Install multiline parser and configure Fluentd for Nginx logs:

fluent-gem install fluent-plugin-multi-format-parser
cp fluent.conf /conf/fluent.conf
sudo pkill -f fluentd
fluentd -c conf/fluent.conf -vv &

A Taste of Splunk

Step1. Download

Fill in the following details and download

Step2. Install

If there is a GUI, click install; otherwise, run

sudo dpkg -i splunk_xxx.deb

Step3. Run splunk

At the first time running splunk, it will ask for the initial setup for the admin account.

cd /opt/splunk/bin/
sudo ./splunk start --accept-license

Step4. Login to splunk

Use the username and password that you set in the last step to login

Step5. Download the data

Let us download some sample data https://data.montgomerycountymd.gov/ https://data.montgomerycountymd.gov/Finance-Tax-Property/County-Spending/vpf9-6irq

Step6. Add the data to splunk

Add Data -> upload from my computer -> select *.csv from ~/Download

Step7. A Few Selection

Source type: this helps Splunk to learn what data you have got. _ You specify a directory as a data source. _ You specify a network input as a data source. * You specify a data source that has been forwarded from another Splunk instance.

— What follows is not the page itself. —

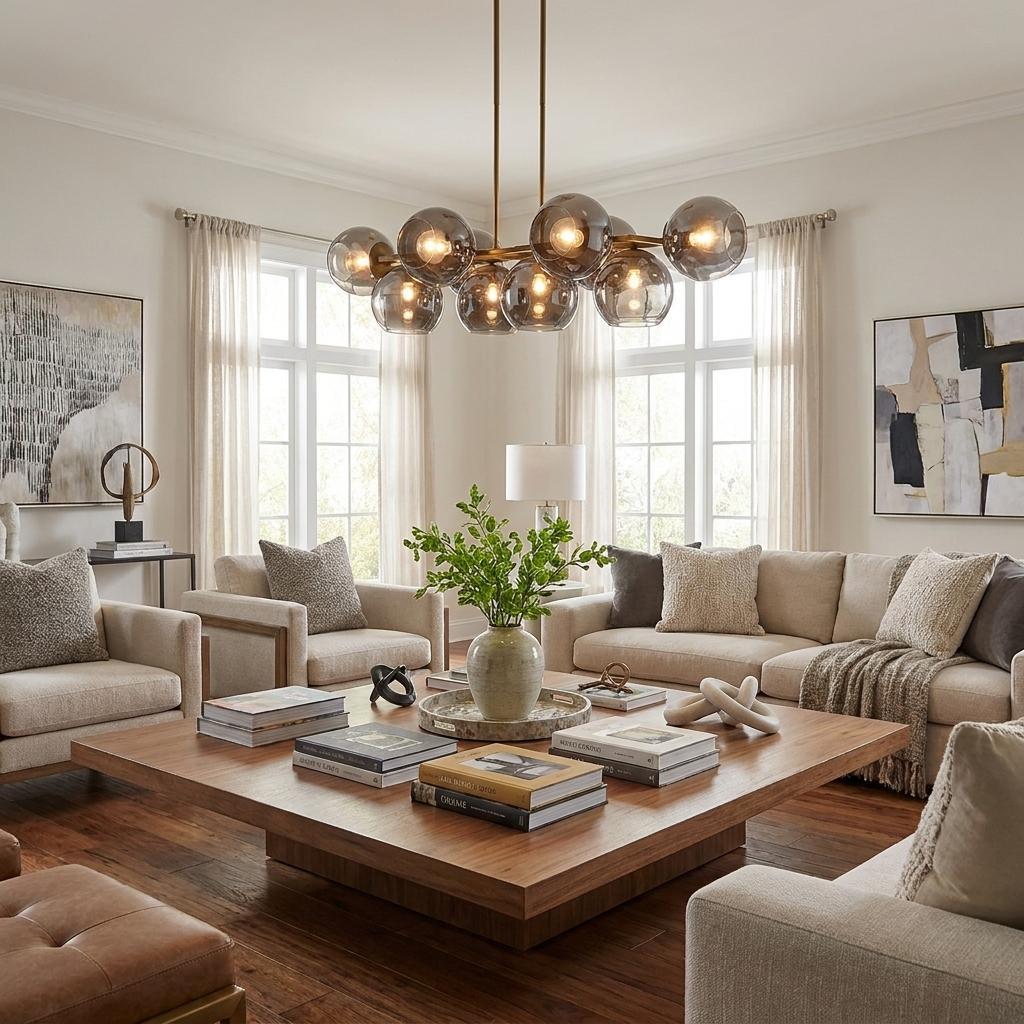 Lunette 10-Light Aged Brass Pendant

Let us select "Automatic" in this short example.

Host: When the Splunk platform indexes data, each event receives a "host" value. The host value should be the name of the machine from which the event originates. The type of input you choose determines the available configuration options.

Index:The Splunk platform stores incoming data as events in the selected index. Consider using a "sandbox" index as a destination if you have problems determining a source type for your data. A sandbox index lets you troubleshoot your configuration without impacting production indexes. You can always change this setting later.

Let us use the default.

Now choose review

Step9. You should see an error

The error is about Splunk cannot recognise the time format go to /opt/splunk/etc/system/local/props.conf

add the following lines

TIMESTAMP_FIELDS = Invoice Date
TIME_FORMAT=%m/%d/%Y

and restart Splunk

cd /opt/splunk/bin/
./splunk restart

Step10. Reload the data

Now there should be no error. Let us submit the data and start searching!